Doğal Hayat Bahçeciliği Forumu (WLGF)[2] kentsel yeşil altyapının en önemli unsurlarından biri olarak bahçelerin tanınmasında BUGS’ın istatistiki açıdan sağlam temellendirilmiş verilerinin etkisine vurgu yapar. Bu veriler, WLGF’ye göre, planlama otoriteleriyle yerel ve ulusal yönetimlerin türlü birimlerindeki karar alıcıları da etkilemiştir. Forum tarafından yayınlanan bir bildirge 2007 yılında Doğal İngiltere veDEFRA’nın da sahiplendiği bir kampanyaya dönüşür, kampanyaya Biyoçeşitlilik Bakanı da destek verir. Takibinde WLGF hükümete bir dizi rapor sunar ve bu raporlar Hükümetin, “Büyük Doğal Hayat Bahçesi” programına kamusal malî destek sağlamaya başlamasıyla sonuçlanır. 2012 yılında, Ulusal Planlama Politika Çerçevesi NPFF şehir bahçelerinin korunmasına özel bir önem atfeder. Yine WLGF’ye göre, BUGs, kilit önemdeki bir kentsel habitatın, şehir bahçelerinin ekolojik bağlamının anlaşılmasında, tanınmasında, politika ve eyleme dönük sonuçlar oluşmasında radikal etkiler yaratmış, başka ülkelerdeki benzer çalışmalara da ilham vermiştir.
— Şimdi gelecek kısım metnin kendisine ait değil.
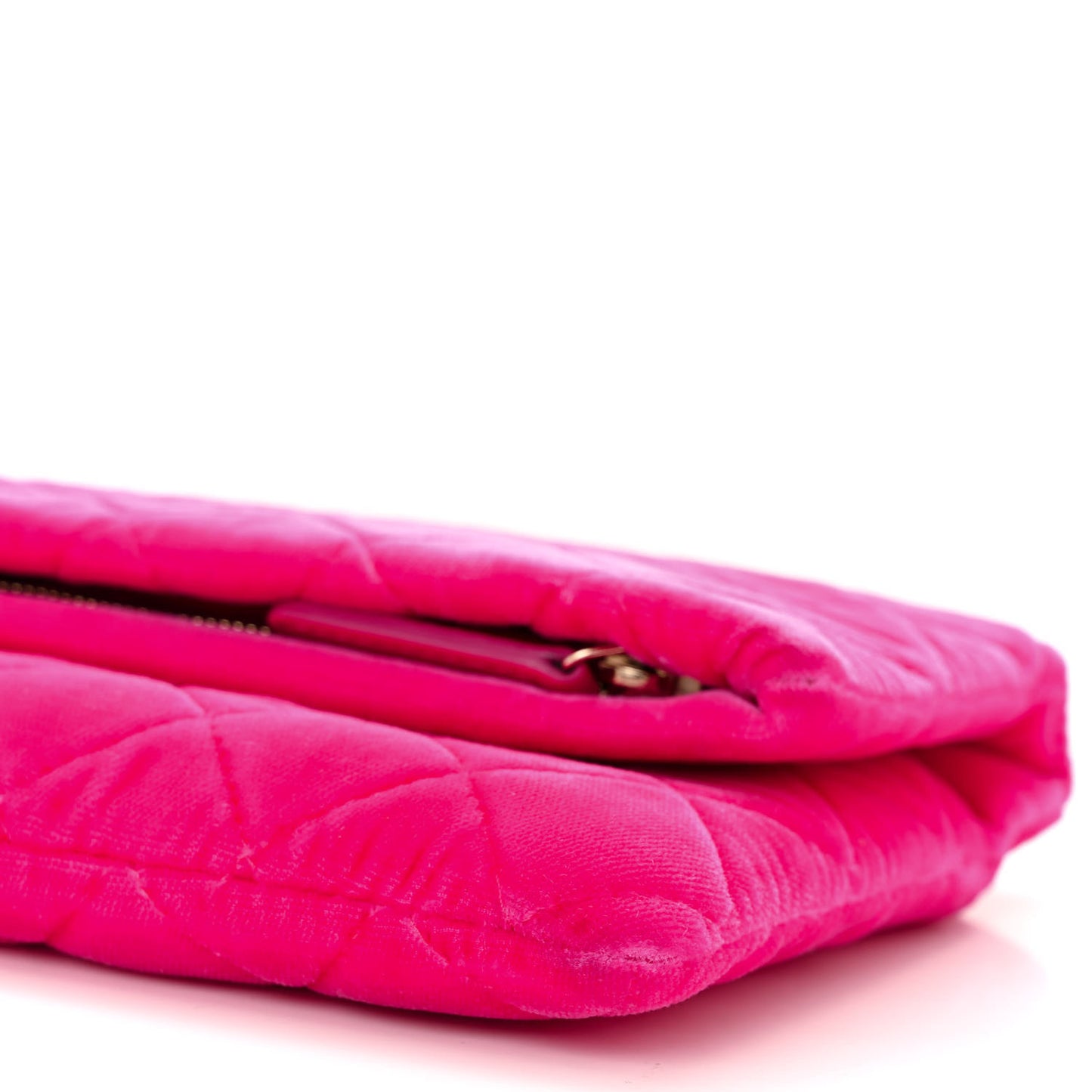 Velvet Quilted CC Beauty Clutch Pink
2016 yılında Birleşik Krallık’ın ortalama kentleşme düzeyi %83 olmakla beraber, kişi başına erişilebilir yeşil alan İngiltere’de 20, İskoçya’da 160 m². Kriter, bileşen ve yöntem farklılaşmalarından ötürü ülke düzeyinde kentsel yeşil alan hesaplamaları bir uçta %54’le (sadece İngiltere) diğerinde %6 gibi çok farklı sonuçlar verse de belli başlı şehirlerin toplam yüzölçümünde yeşil alanların oldukça yüksek bir oran tuttuğu görülüyor: Birmingham’da binaların ve yolların toplamda %26’lık oranına karşılık yeşil alan ve bahçeler toplamı %63. Londra için aynı oranlar sırasıyla %25 ve %62 ve Liverpool’da %21’e karşılık %38.[3] İngiltere’de kent peyzajının ortalama olarak ve toplamda %13’ünü kent bahçeleri kaplıyor. Londra ve Birmingham için bu oran ¼. İskoçya’da kentsel yeşil alanların yaklaşık 1/3’ünü evlerin bahçeleri oluşturuyor. (UK NEA, 2011: 362, 366, 368)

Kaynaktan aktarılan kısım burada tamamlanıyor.